Bill Grove, president of the local Mental Health Association, said rural homeless are further strained by the isolation of their communities and the lack of access to transportation.

“In terms of services, shelter, places to get help, there’s not much out there for them. Downtown Erie, if you’re homeless, you can walk to get help,” Grove said. “Some in the rural spots have a car, even live in a car, but with gas prices so high, these folks have access to a vehicle but probably not to the fuel.”

Jennie Ritter, an assistant principal at North East Middle School and the school district’s homeless liaison, said most homeless families in the eastern Erie County township “feel too embarrassed or ashamed” to ask for help.

“Many don’t know help is available,” said Ritter, who coordinates outreach efforts with North East churches, food pantries, thrift stores and volunteer fire departments to provide the homeless with food, clothing and housing assistance.

Fifteen of the district’s 1,700 students are homeless, Ritter said, a 200 percent increase from 2007.

“The more we get the word out about the young children suffering through this crisis the better we can try to meet their needs,” she added. “We have to erase the myth that homelessness out here is an old man living in a box in an alley.”

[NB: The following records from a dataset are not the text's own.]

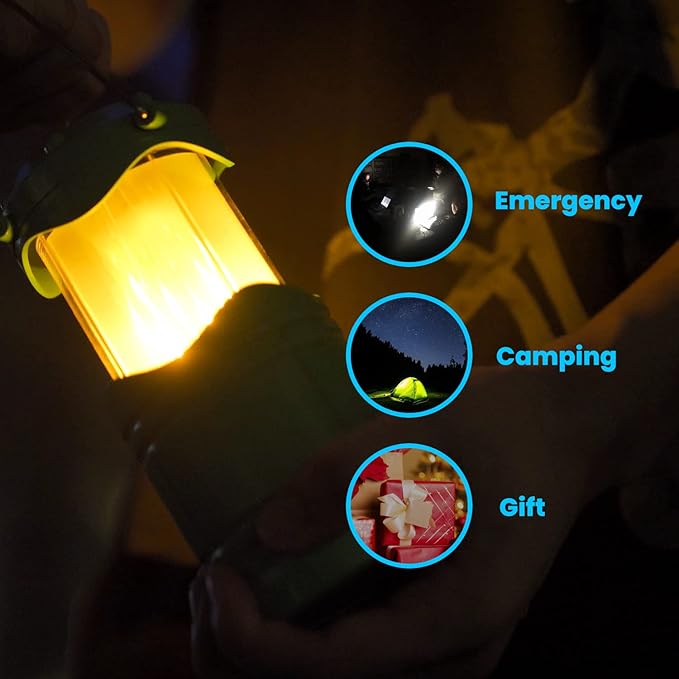 Lichamp 4 Pack LED Camping Lanterns, Collapsible Flameless Candles Tea Lights, Portable Battery Powered Camping Lights Emergency Supplies Kit, Dark Gray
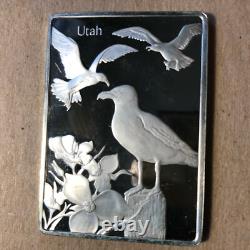 Franklin Mint Utah State Bird and Flower 1.25 oz Sterling Silver Art Bar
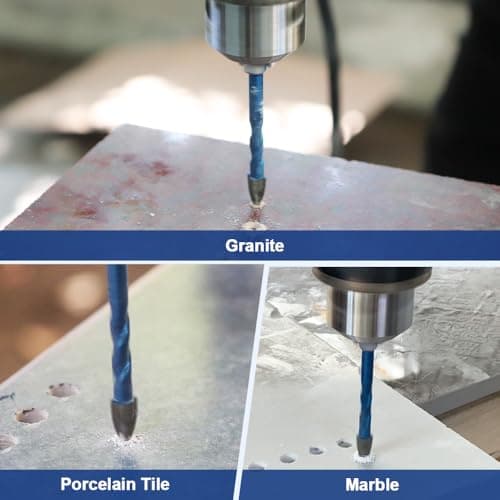 Masonry Drill Bit BRSCHNITT 10pcs Carbide Tips Concrete Drill Bit Set for Pots Bottles Ceramic Tile Glass Brick Ceramic Hex Shank - Thumbnail 3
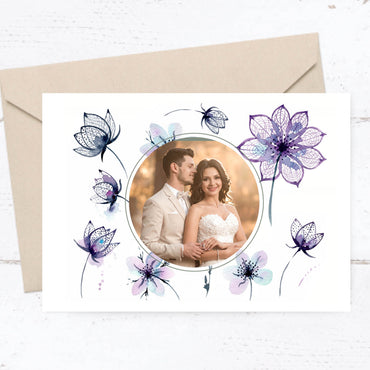 Danksagungskarten zur Hochzeit: Floral modern mit Foto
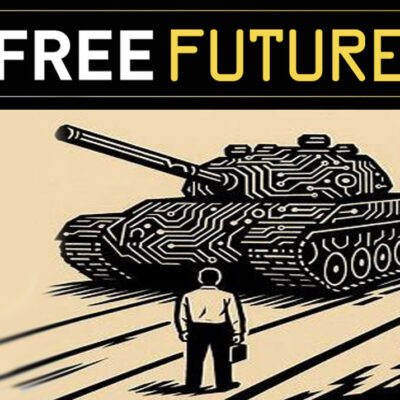 Free Future: A woodcut-style image of a man in front of a tank with circuit board design on it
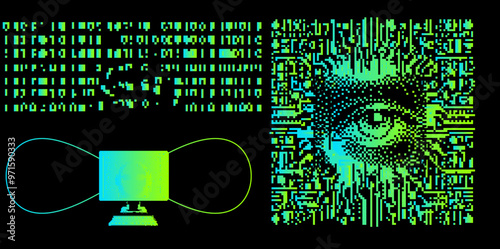 Pixelated eye and infinity symbol in a lime green outline. Abstract artwork in black and turquoise colors representing the theme of modern technology. 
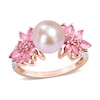Thumbnail Image 0 of 9.0-9.5mm Pink Cultured Freshwater Pearl, Pink Sapphire, and 0.13 CT. T.W. Diamond Flower Ring in 14K Rose Gold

Love in the Name of Christ Inc., a Girard clearinghouse that has helped the poor in western Erie County for 20 years, annually serves about 500 people.

More than 100 are homeless, said Jan Dovichow, the group’s executive director.

“A lot of these folks don’t want to go to shelters in the city, even if I call and can find them a space,” she said.

The group, part of a national faith-based organization, is funded by more than two dozen area churches and several local businesses.

“They usually say ‘I don’t want my kids in that situation,’ or ‘I don’t know who is staying there.’ I think the city scares them. It’s a busy place with a lot of people,” Dovichow said. “They know these parts, and they’d rather take their chances out here.”

Diana Ames, a local homeless advocate and director of the Pennsylvania Coalition to End Homelessness, said funding is in short supply for shelters in rural areas to operate.

“It’s not something one person can easily do alone,” said Ames, an Erie resident who was temporarily homeless in the 1980s. “It needs community interest and community effort.”

That interest, and effort, has been under way in downtown Warren.

The former Faith Inn, a nine-apartment transitional housing facility that closed in 2009, is expected to reopen this summer, said Bob Raible, executive director of the Warren-Forest Counties Economic Opportunity Council.

The agency began renovating the building in the summer of 2010, a $325,000 project funded by state and federal grants and local donations.

“Our homeless population is not the same as the city of Erie’s. You don’t see a lot of people wandering the streets,” Raible said. “But we still have a problem. It’s just hidden.”